3. Lernen mit Multimedia – Bildung aus dem World Wide Web

„Multimedia ist keine Qualität an sich, sondern lediglich Hilfsmittel. Ebenso wie das Ersetzen der Schiefertafel durch ein Schreibheft keine direkte Verbesserung darstellt, bringt der Einsatz von Multimedia allein wenig Nutzen“ (Thissen – Vortrag auf der LEARNTEC 1997).Werden Medien sorgfältig ausgewählt und sinnvoll eingesetzt, so bieten diese die Chance, neue Lernstrategien zu integrieren und den Dozenten als Lehrperson zu unterstützen, aber keinesfalls zu ersetzen (vgl. Engel & Klein 1999, S.16). Werner Faulstich differenziert zwischen nicht-technischen und technischen Medien. Historisch betrachtet gäbe es vier Medien-Gruppen: die Primärmedien (erzählende Person, Theater), die Sekundärmedien (Schreib- und Druckmedien), Tertiärmedien bzw. elektronische Medien (Radio, Fax, Handy) sowie Quartärmedien oder digitale Medien (Computer, E-Mail, Chats) (vgl. Faulstich 2002, S.10f.). Diese Auffassung erfährt u.a. von Wagner Kritik, der Medien nicht ausschließlich als technische Mittel betrachtet, sondern Medien zudem in soziale Beziehungen eingebettet sieht (vgl. Wagner/Theunert 2006, S.49). Der Computer ist aufgrund seines technologischen Aufbaus in der Lage, alle bekannten Medien über den Bildschirm wiederzugeben, was ihn zu einem Universalmedium erhebt. Er übernimmt dennoch nicht die Kompetenz eines Dozenten oder gestaltet sich als Zauberkiste zur Lösung aktueller Probleme, mit denen die jeweilige Weiterbildungseinrichtung zu kämpfen hat. Neue Medien sind aber trotzdem schon seit langem Bestandteil gesellschaftlicher Wirklichkeit, indem sie zunehmend private sowie berufliche Lebenswelten durchdringen.

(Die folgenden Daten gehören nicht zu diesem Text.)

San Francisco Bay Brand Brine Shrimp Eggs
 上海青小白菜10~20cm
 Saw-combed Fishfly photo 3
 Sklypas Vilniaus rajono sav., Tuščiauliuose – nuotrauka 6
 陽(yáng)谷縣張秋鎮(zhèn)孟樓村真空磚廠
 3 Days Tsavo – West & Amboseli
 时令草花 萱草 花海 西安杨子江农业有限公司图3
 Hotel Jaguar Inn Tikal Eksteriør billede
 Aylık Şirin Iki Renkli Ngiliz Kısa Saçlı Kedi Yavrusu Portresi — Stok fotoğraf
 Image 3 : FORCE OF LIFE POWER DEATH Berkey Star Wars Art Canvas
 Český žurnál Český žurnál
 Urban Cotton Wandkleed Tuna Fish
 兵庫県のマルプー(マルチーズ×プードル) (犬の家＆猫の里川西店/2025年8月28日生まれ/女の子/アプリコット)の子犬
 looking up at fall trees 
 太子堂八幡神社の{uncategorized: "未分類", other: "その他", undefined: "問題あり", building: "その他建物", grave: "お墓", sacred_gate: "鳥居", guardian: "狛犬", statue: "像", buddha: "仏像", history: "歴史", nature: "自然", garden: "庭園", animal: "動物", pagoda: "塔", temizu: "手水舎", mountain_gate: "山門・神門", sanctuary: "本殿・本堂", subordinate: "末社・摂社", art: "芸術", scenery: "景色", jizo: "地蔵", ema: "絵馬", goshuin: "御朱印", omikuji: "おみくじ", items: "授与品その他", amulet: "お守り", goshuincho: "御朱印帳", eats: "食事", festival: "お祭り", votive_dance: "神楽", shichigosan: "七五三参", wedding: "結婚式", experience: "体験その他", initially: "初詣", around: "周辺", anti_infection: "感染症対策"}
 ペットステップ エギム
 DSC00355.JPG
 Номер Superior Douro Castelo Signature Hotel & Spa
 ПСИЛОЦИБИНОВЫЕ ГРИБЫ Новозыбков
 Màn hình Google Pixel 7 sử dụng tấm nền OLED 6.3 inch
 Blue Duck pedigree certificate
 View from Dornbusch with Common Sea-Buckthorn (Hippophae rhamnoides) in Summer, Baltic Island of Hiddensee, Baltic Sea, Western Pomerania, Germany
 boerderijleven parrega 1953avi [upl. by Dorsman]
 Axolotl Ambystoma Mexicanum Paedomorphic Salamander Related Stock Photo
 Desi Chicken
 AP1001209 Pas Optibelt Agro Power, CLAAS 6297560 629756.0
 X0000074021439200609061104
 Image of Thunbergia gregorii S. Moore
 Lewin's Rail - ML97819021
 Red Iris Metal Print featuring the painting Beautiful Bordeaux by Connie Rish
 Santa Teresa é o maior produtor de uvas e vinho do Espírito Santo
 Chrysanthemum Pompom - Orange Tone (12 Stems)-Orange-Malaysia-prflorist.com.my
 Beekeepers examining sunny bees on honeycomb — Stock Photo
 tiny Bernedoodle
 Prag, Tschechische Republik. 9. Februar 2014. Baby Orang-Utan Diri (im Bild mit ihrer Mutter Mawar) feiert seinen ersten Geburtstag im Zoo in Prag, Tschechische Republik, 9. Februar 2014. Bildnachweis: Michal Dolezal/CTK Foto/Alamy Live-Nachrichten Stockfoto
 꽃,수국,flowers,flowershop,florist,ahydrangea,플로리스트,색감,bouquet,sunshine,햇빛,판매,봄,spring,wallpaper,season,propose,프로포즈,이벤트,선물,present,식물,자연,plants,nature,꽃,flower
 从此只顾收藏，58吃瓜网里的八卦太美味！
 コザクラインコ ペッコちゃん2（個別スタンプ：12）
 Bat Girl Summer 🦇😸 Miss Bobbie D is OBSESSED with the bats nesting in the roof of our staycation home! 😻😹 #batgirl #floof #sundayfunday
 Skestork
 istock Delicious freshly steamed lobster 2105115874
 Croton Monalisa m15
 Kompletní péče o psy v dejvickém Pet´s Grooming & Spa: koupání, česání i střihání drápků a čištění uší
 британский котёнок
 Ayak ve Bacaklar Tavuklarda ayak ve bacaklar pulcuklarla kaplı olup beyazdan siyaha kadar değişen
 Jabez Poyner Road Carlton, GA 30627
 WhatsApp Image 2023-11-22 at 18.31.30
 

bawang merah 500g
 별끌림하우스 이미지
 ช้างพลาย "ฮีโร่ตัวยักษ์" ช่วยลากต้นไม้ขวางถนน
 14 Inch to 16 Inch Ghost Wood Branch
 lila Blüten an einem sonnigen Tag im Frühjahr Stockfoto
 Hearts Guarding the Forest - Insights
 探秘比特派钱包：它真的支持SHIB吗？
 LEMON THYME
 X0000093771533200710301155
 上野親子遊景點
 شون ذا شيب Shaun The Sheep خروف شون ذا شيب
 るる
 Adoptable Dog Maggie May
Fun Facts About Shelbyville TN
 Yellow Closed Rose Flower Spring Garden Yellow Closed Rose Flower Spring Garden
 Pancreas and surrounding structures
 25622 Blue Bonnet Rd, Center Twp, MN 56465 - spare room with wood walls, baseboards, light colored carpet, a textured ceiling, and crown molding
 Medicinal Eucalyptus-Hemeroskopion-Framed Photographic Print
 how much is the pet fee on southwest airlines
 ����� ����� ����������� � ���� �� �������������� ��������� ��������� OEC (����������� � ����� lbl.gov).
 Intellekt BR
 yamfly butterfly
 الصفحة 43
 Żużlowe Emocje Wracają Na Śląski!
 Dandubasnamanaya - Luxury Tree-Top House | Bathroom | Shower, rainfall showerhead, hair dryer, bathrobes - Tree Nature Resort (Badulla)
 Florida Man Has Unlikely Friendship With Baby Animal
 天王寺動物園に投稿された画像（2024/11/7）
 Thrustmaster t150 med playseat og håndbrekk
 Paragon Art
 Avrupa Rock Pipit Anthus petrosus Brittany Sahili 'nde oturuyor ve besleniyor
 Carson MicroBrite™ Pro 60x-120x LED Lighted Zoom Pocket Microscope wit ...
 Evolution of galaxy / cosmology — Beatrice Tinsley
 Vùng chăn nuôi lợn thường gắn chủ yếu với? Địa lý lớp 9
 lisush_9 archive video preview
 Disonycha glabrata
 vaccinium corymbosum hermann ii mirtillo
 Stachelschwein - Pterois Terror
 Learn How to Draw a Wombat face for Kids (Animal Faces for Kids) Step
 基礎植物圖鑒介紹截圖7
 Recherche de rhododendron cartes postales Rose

3.1 Grundlagen des E-Learning – der neue Weg ins mediale Zeitalter

E-Learning findet in verschiedenen Lehr-Lern-Formen statt und ist demnach keine homogene Unterrichtsform (ebd. S.49). Didaktisch wird E-Learning folglich in Computer Based Learning, Internet Based Learning oder Online Learning unterteilt (vgl. Ehlers 2004, S.36ff.). Computerbasiertes Lernen meint hier das Lernen mit Lernmitteln, die auf dem Computer über Lernsoftware oder CD-ROM zugänglich gemacht werden. Das internetbasierte Lernen bezieht hingegen für die Gestaltung des Lernprozesses zusätzlich verschiedene Internet-Technologien (Teleteaching, Telelearning, Teletutoring, Telecoaching) mit ein. Die Lerninhaltsvermittlung und die Kommunikation mit Lernenden und Lehrenden geschieht über internetbasierte Technologien wie E-Mail, Foren, Chats, Communities (vgl. Viererbe 2010, S.49). Beim Online Learning kann der Lerner auf die Lerninhalte nur online zugreifen, denn diese liegen auf einer Internetplattform und die Nutzung erfolgt online über einen Webbrowser (ebd. S.49).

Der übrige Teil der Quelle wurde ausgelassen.